# Event bei Änderung der Spaltenbreite in einem JTable



## jueki (10. Aug 2010)

???:LHallo,

für mein Projekt ist es notwendig, dass ich über ein Event, also einen irgendwie gearteten ActionListener oder ähnliches mitbekomme, wenn der Anweder mit der Maus die Spaltenbreite in einer JTable ändert. Meine Tabelle ist in einer JScrollPane eingebettet. Aber weder JTable noch JScrollPane noch mein DefaultTableModel bieten ein geeignetes Event.

Hat jemand eine Lösung?


----------



## Michael... (10. Aug 2010)

Das könnte mit einem TableColumnModelListener am ColumnModel der JTable funktionieren.
Darf man fragen wozu? Das hört sich nach einem Workaround an.


----------



## jueki (10. Aug 2010)

Ja, man darf: ich habe eine horrende Menge Messdaten die in einer Tabelle wie auch graphisch dargestellt werden sollen. Um den Arbeitsspeicher nicht unnötig zu belasten habe ich die Tabelle so gebaut, dass sie nur wenig mehr Daten erhält als sie im gegebenen Fenster darstellen kann. Das klappt prima und ist irre schnell. Dadurch bin ich aber gezwungen, wenn ich mit den Scrollbars verschiebe oder sonstwie neue Daten einlesen muss, die Tabelle immer komplett neu aufzubauen (geht aber wie gesagt ratz-fatz). Die Spaltenbreiten merke ich mir dazu in einer selbstgeschriebenen Datenstruktur. Das einzige Problem ist, wie ich diese Datenstruktur aktuell halte. Im Augenblick des Scrollens oder Resizends ist es dazu bereits zu spät.
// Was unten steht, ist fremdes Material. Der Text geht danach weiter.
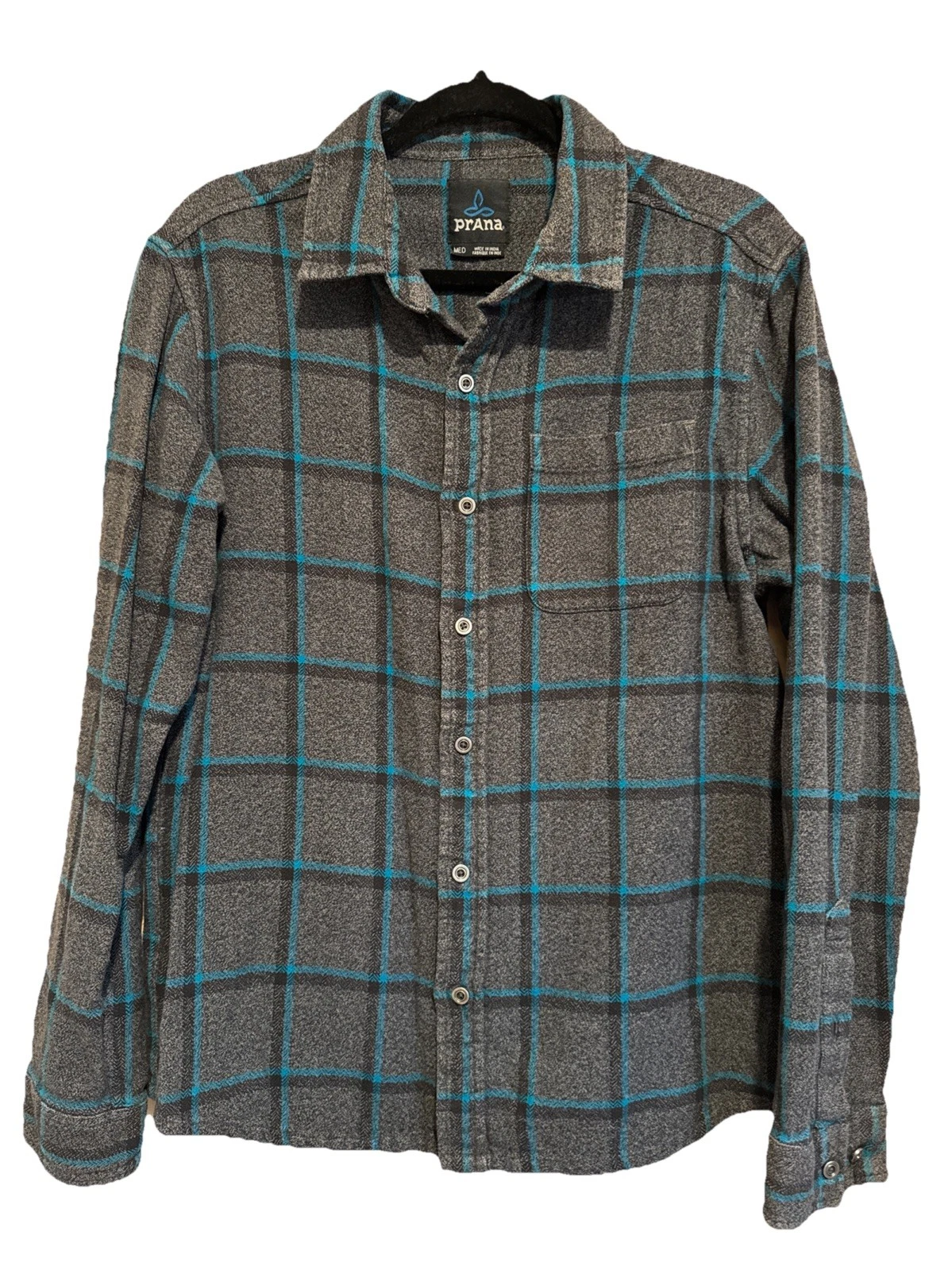 Prana Plaid Flannel Style Button Up Shirt Mens Outdoor Hiking Camp Gray Size M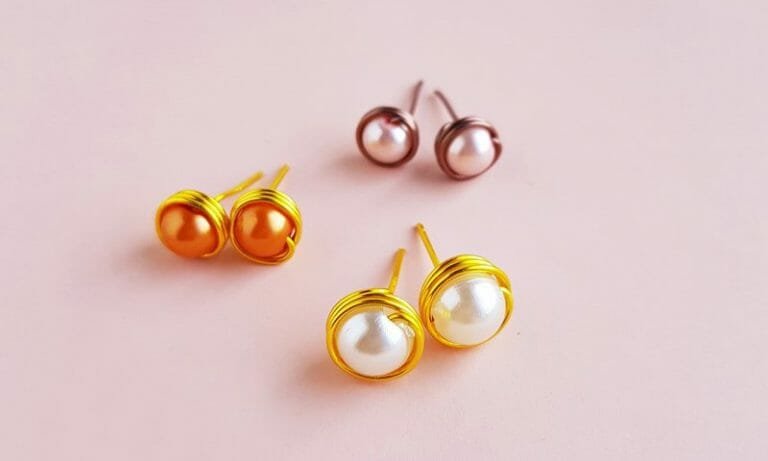 How to Make Stud Earrings with Wire and Beads (With Video)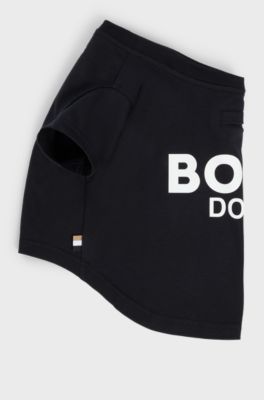 Dog T-shirt in cotton with logo print, Black
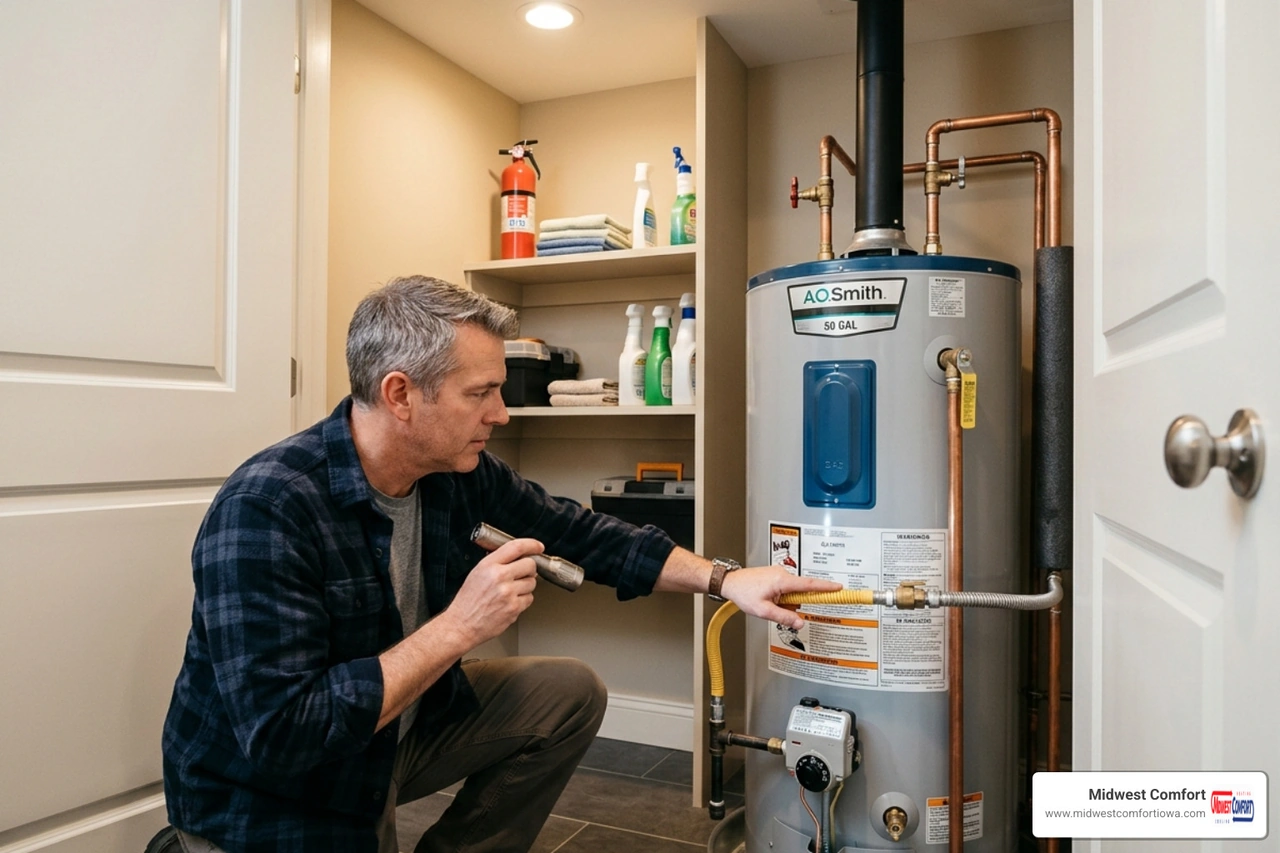 Homeowner inspecting a utility closet in an Ankeny home - gas vs electric water heater comparison for homeowners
Mit dem "TableColumnModelListener" werd ich mal probieren, muss erst mal sehen, wie ich an das Ding überhaut rankomme.


----------



## Michael... (10. Aug 2010)

Ist das Problem, dass beim Update der Daten in der Tabelle die Spaltenbreiten zurückgesetzt werden?
Benutzt Du ein DefaultTableModel und verwendest die Methode setDataVector(...), um neue Daten in die Tabelle einzufügen?
Dann könnte folgender Thread für Dich interessant sein und Dir ein qualvolles expermentieren mit Listenern ersparen: http://www.java-forum.org/awt-swing-swt/104204-jtable-spaltenbreite-beibehalten.html


----------



## ymene (10. Aug 2010)

Da ich an einem ganz ähnlichem Problem arbeite bin auch ich etwas neugierig. Darf man auch fragen, ob du deine Values sowohl spalten- aus auch zeilenspezifische nachlädst, oder gilt das nur für ganze Datensätze? Ich frage, da ich selber aktuell an einer LazyListTableModel-Implementierung arbeite die von der Umsetzung her etwas anders geartet ist, als das was ich bei dir so raushöre. Hast du dich da an ein bestimmtes Vorbild gehalten?
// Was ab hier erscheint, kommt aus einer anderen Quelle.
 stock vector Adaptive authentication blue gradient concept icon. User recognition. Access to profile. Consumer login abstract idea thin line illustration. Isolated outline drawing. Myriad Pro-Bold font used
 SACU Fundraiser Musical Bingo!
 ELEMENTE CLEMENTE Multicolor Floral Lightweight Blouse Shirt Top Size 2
Ich lade die Daten immer in Form von ganzen Datensätzen nach, doch besteht da aktuell das Problem, wie ich mit Situationen umgehe, wie einem aktuellen Tabellenfilter, der über alle Spaltenvalues informiert sein muss, wenn anch einem bestimmten Spalteninhalt gefiltert werden soll. Vielleicht kannst du mich ja da in der Hinsicht auf den richtigen Weg bringen.

Zu deinem Problem: Ich kann da als Implementierungsdetail sehr empfehlen das TableModel selber bestimmen zu lassen, wann Daten nachgeladen werden sollen, da du dich dann um viewspezifische Details (wie Spaltenbreiten) nicht mehr kümmern brauchst, da die Tabelle nicht neu gezeichnet werden muss. Um die Zugriffe etwas zu optimieren kannst du dann einfach immer (so wie du das jetzt auch schon machst, wenn ich dich richtig verstanden habe) ganze Intervalle im TableModel nachladen. Die Table aktualisiert seine Inhalte dann einfach über die TableRenderer automatisch, sobald die neuen Values im TableModel angekommen sind. Du musst nur beim einmaligen Aufbau der Table vorweg wissen, wieviele Datensätze du besitzt und dort Dummydatensätze einfügen, die dann nach und nach durch die geladenen Daten ersetzt werden.

Grüße,
ymene


----------



## Michael... (10. Aug 2010)

Aus welchem Grund ein "Lazyloading" TableModel? Aufgrund der Anzahl der Datensätze oder der Dauer des Lesens der Daten? Woher kommen die Daten?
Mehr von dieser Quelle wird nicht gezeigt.